We evaluated this implementation against the baseline RAG pipeline (our pipeline minus the relation paths) using the RAGAS metrics Answer Correctness and Answer Similarity. Answer Correctness measures the factual similarity between the ground truth answer and the generated answer, and Answer Similarity measures the semantic similarity between these two elements. Our evaluation set was a set of 50 queries where the ground truth was assigned by human domain experts. The LLM used to generate the answer was Claude-v2 from Anthropic while the one used for evaluation was Claude-v3 (Sonnet). The table below shows the averaged Answer Correctness and Similarity over all 50 queries, for the Baseline and my GraphRAG pipeline respectively.

Pipeline	Answer Correctness	Answer Similarity
Baseline	0.417	0.403
GraphRAG (inference)	0.737	0.758

As you can see, the performance gain from using the KG to augment the query for RAG seems to be quite impressive. Since we already have the KG and the NER available from previous projects, it is a very low effort addition to make to our pipeline. Of course, we would need to verify these results using Further human evaluations.

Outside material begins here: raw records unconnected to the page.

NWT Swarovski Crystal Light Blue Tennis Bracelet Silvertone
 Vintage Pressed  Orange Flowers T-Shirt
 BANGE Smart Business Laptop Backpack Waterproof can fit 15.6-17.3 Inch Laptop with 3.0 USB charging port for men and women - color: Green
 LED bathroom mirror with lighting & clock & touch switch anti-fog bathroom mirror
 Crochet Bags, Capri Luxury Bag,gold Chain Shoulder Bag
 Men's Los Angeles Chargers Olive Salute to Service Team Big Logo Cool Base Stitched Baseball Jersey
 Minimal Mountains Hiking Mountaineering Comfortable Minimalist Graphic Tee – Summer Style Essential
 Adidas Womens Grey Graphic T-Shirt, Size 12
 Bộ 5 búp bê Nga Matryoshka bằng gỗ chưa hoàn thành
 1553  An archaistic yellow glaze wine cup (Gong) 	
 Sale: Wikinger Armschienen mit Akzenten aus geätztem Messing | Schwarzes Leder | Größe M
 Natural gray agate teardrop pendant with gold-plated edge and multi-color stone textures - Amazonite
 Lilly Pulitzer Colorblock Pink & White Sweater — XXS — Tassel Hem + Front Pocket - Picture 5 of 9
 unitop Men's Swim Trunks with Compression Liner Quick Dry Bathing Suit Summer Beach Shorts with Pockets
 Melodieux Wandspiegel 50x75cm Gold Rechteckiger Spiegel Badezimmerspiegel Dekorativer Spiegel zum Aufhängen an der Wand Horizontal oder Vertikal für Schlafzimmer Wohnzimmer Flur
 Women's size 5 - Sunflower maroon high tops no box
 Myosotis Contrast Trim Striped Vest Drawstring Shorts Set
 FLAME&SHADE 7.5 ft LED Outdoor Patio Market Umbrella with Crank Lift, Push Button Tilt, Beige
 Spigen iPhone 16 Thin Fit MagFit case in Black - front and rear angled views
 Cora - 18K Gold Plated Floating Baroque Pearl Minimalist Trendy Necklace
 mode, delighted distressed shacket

I recently came across the paper Knowledge Graph based Thought: A Knowledge Graph enhanced LLM Framework for pan-cancer Question Answering (Feng et al, 2024). In it, the authors identify four broad classes of triplet patterns that their questions (i.e, in their domain) can be decomposed to, and addressed using reasoning approaches backed by Knowledge Graphs -- One hop, Multi-hop, Intersection and Attribute problems. The idea is to use an LLM prompt to identify the entities and relationships in the question, then use an LLM to determine which of these templates should be used to address the question and produce an answer. Depending on the path chosen, an LLM is used to generate a Cypher query (an industry standard query language for graph databases originally introduced by Neo4j) to extract the missing entities and relationships in the template and answer the question. An interesting future direction for my GraphRAG implementation would be to incorporate some of the ideas from this paper.